Apesar de alguns testes práticos terem sido realizados, a eletrônica da época ainda era pesada e cara demais para que carros autônomos se tornassem realidade. Experiências do gênero continuariam a ser feitas nas décadas seguintes.
Em 26 de maio de 1972, uma reportagem previa: “No ano 2000, robô substituirá homem ao volante do automóvel”. Desta vez, destacava-se os estudos do Road Research Laboratory, laboratório de pesquisas rodoviárias da Grã-Bretanha, que tinha dois protótipos de autônomos em operação: um Mini e um Ford Cortina.
Na falta dos precisos GPS de hoje em dia, o sistema britânico também só funcionaria em estradas especiais, em que um cabo eletrônico seria instalado no meio de cada pista de rolamento, conduzindo corrente alternada.

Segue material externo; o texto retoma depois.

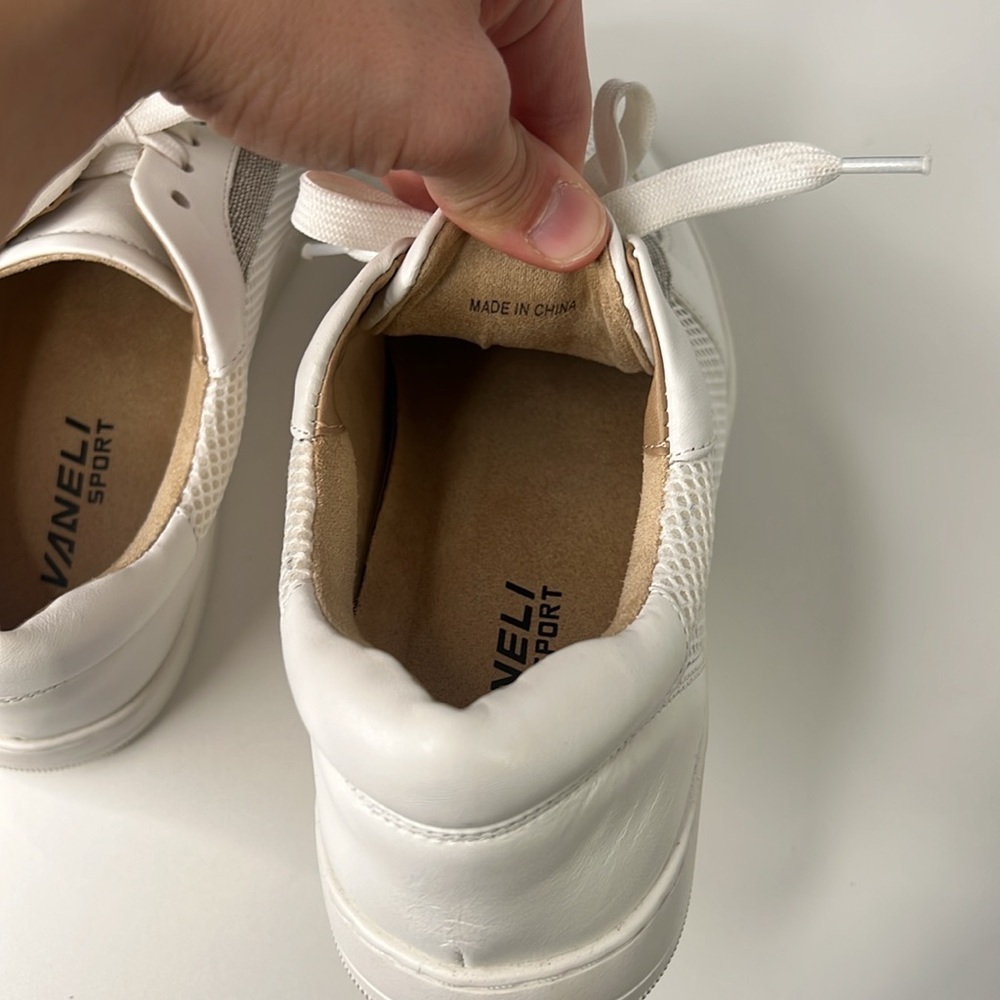 Vaneli Chico white tennis shoes size 9 women’s beaded leather sneakers - Picture 10 of 11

O campo magnético resultante induziria sinais em duas pequenas bobinas na frente do veículo. Tais sinais manteriam o carro na linha. Um motor elétrico movia o volante. Atuadores de eletrovácuo aceleravam e desaceleravam o motor, além de agir sobre os freios.
Por esse sistema, os veículos andariam em filas, automaticamente, nas rodovias. Para manter a distância um do outro, apostava-se no uso de um pequeno radar (exatamente como nos semi-autônomos de hoje).
E havia exercícios de pura futurologia, como se pode ler em um texto do arquiteto Moshe Safdie, publicado na edição de 6 de novembro de 1974. Ele previa para dali a 50 anos (ou seja: 2024), carros compartilhados e a permissão de uso de veículos autônomos “a qualquer cidadão com mais de 16 anos”. Os carros viajariam a 160km/h em rodovias com balizas eletrônicas para controlar a velocidade e evitar colisões. Quem viver, verá.